## Data shown
=== Begin Enclosure ===
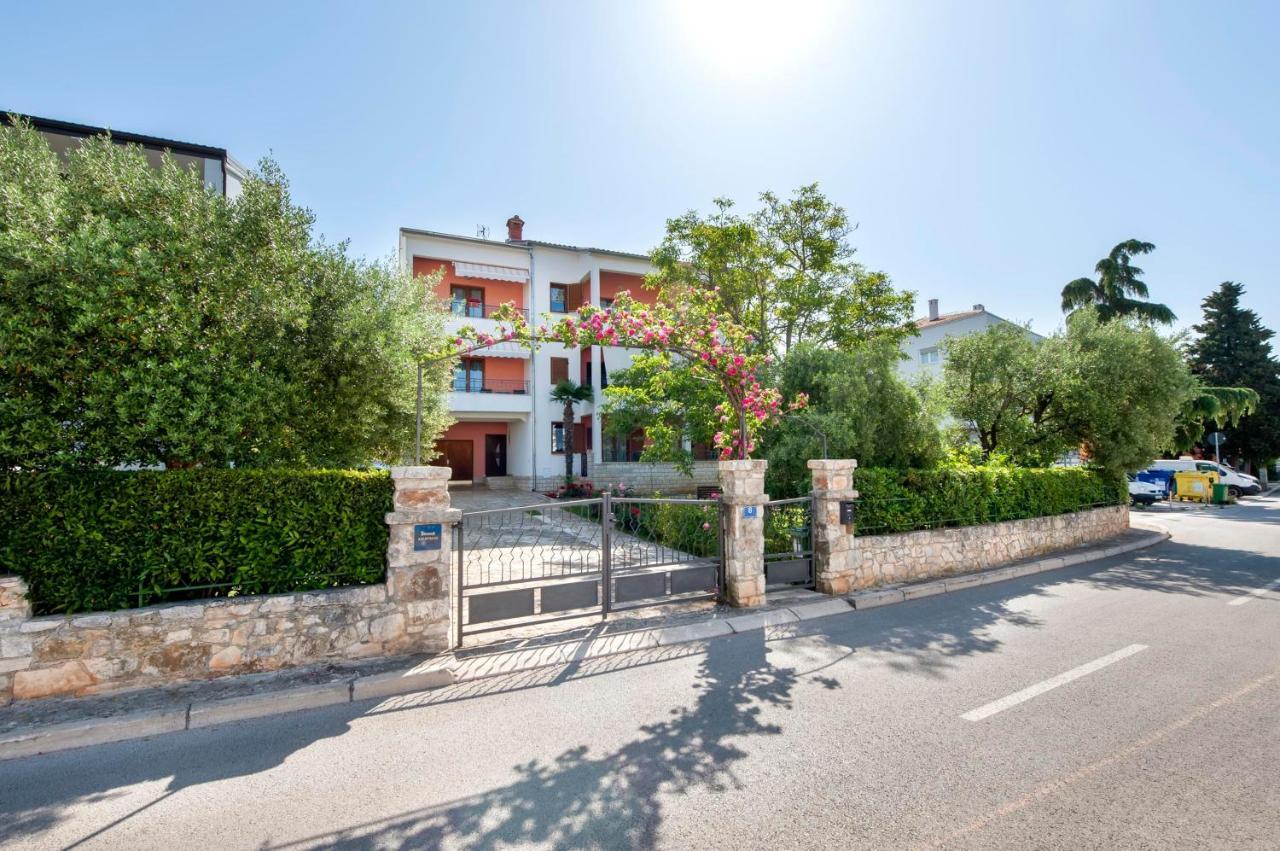 Apartments Adria 罗维尼 外观 照片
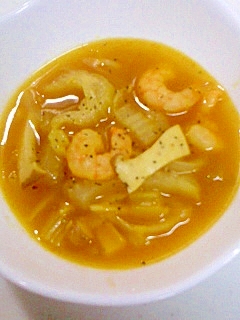 セロリのカレースープ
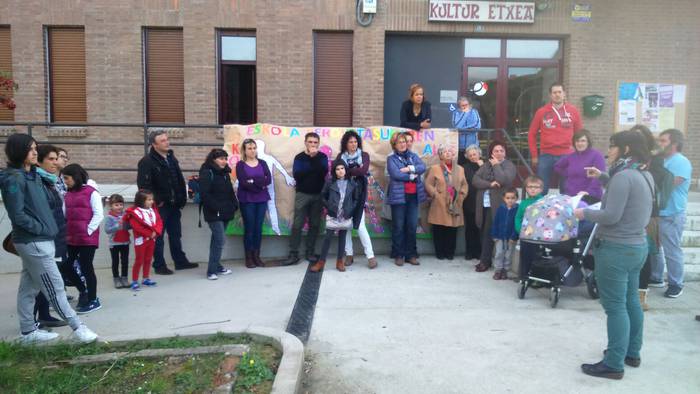 Ehunka lagun bildu dira esku 20 1489001158652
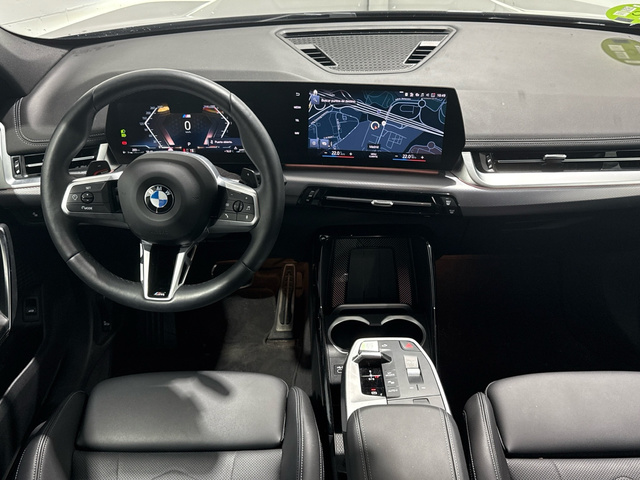 BMW X1 sDrive18d color Negro. Año 2023. 110KW(150CV). Diésel. En concesionario Auto Premier, S.A. - MADRID de Madrid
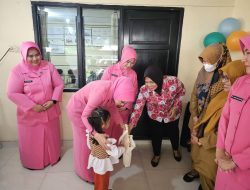 Bhayangkari Polres Metro Tangerang Kota Beserta Sidokkes Ambil Peran Dalam  Pekan Imunisasi Nasional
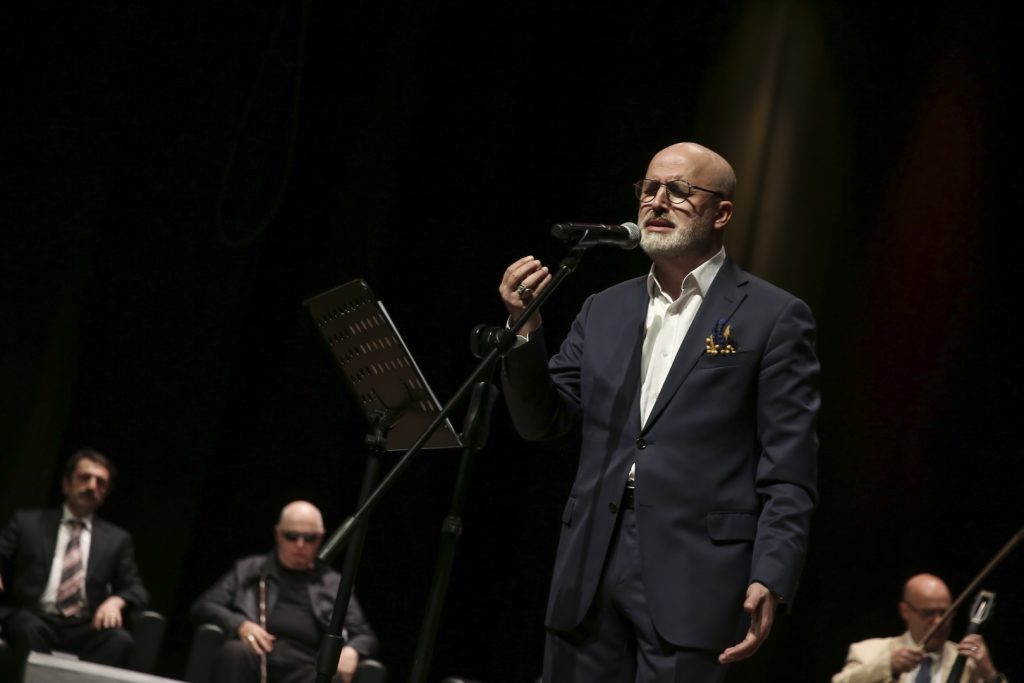 PEYGAMBER EFENDİMİZ, GÜL KOKULU GAZELLERLE ANILDI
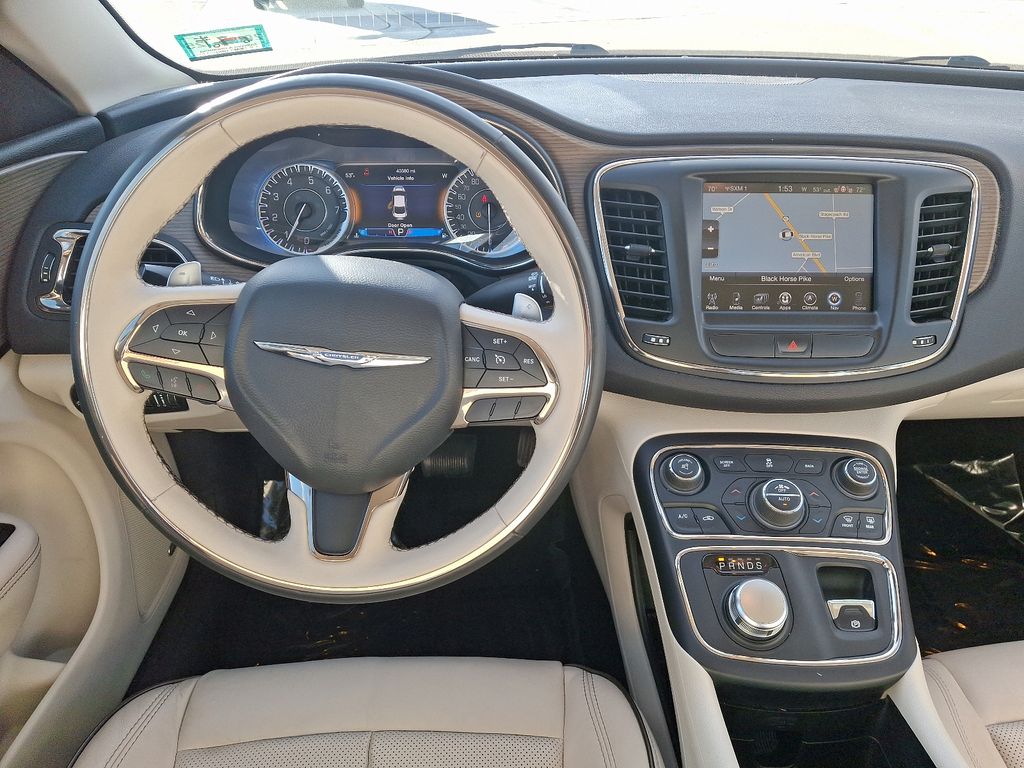 2015 Chrysler 200 C 11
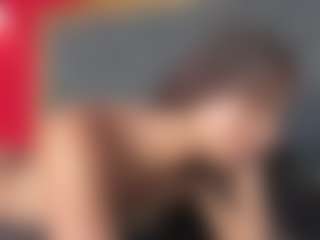 YayaHilton's Live Sex Cam Show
=== End Enclosure ===
## Directions
Could you reproduce exactly, and only, the lines from the one containing "Bhayangkari Polres Metro" through the end of the records above, both included, while leaving out the pictures?

## Exercise output
 Bhayangkari Polres Metro Tangerang Kota Beserta Sidokkes Ambil Peran Dalam  Pekan Imunisasi Nasional
 PEYGAMBER EFENDİMİZ, GÜL KOKULU GAZELLERLE ANILDI
 2015 Chrysler 200 C 11
 YayaHilton's Live Sex Cam Show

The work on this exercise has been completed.